Self-Storage Costs for My Book Collection

So, I'm planning to move to some as-yet-unknown city for grad school a year from now, and I'm trying to decide how aggressively to prune my book collection. After some initial pruning, I'm at 2001 books. I can probably find another dozen or two that I won't miss much, but I'm basically at the point where I have to ask myself whether the cost of storing them for five years (either in self-storage or via renting a larger apartment) exceeds their replacement cost minus whatever I can get for them at the local used book store.

400-500 of these books are part of my working library (mostly economics, math, and computing) that will need to be at hand in my home or office. But if I keep the remaining 1500-1600 they could be stored at the cheapest facility available. Climate control probably isn't necessarily, but since I'll also be storing my equally-massive LP collection (another weeding-out problem I'll face!), I'm going to assume that I'll be buying climate-controlled space that is as cheap on the margin at non-climate-controlled space. From some quick research, it looks as though long-term storage is available as cheap as $1/square foot.

Let's say that I buy an extra 25 square feet for my books. Assuming I use standard 12"x15" cardboard boxes and stack them four levels high, that's room for 80 boxes. (That might be a tight fit, but I could adjust by using some shelving to get them stacked higher than 4 boxes.)

Here's the trickiest part: how many books can I fit in each box? I happen to have eight boxes full of books right now and on average they're holding 21.625 books. (The biased nature of this sample probably underestimates the carrying capacity of the boxes for my average book, but let's go with it for now.) So this suggests that I can fit a total of 1730 books in a 5x5 self-storage space without getting into elaborate structural engineering to take full advantage of the 10 foot high ceilings some places advertise.
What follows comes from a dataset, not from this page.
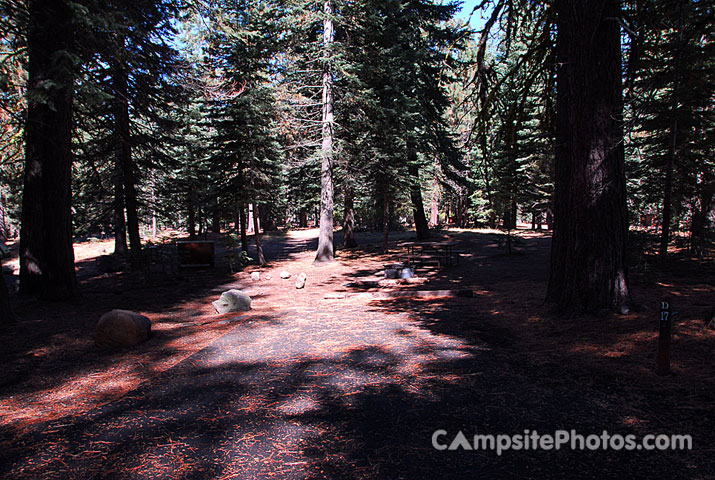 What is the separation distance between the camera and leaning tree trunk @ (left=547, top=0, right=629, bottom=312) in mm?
5750

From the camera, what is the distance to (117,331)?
6.25m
So, we're assuming 25 square feet at $25/month for the five years it should take to finish a Ph.D. That's $1500. Divide by 1730 books and that's about 87 cents per book. Of course, I may not fill the space completely, and there will eventually be some transportation costs to get the books to wherever I end up (as well as cost of capital). I think I can ignore the integer problem, even though technically it means the cost of storage may be zero at the margin. Let's call it $1/book--maybe half that for small paperbacks and twice or more for stuff like atlases.

From one angle, that's a pretty low number. From another, it seems profligate. I suppose the truth is somewhere in between. Certainly, looking at the lifetime cost of holding onto a book, owning some of those cheap sci-fi paperbacks or Dilbert cartoon collections doesn't seem worthwhile. And, while I do re-read many of my books and tend to have broad and obscure tastes not always well-served by the local library, the existence of a thick market for used books via the Internet makes it seem like a distributed peer-to-peer library. Many books--even some that are out-of-print--can be had for a penny plus $3.99 shipping. And, of course, most of these books would net me at least a token amount if I sold them.

It seems that if I'm not sure I'll still want to own a given book five years from now, or if it's one whose price will continue to fall over the next five years, I might as well sell it or give it away. On the other hand, an obscure and/or rare book is well worth the $1 it will cost to store. In the end, I'm not sure how much this analysis really helps: it makes it easier to let go of some books, but it still leaves hundreds in the grey, fat margin of uncertainty.

I guess the next step is to cull some books and get used to the idea of having less stuff. Maybe the real cost of having so much stuff has nothing to do with the price of self-storage?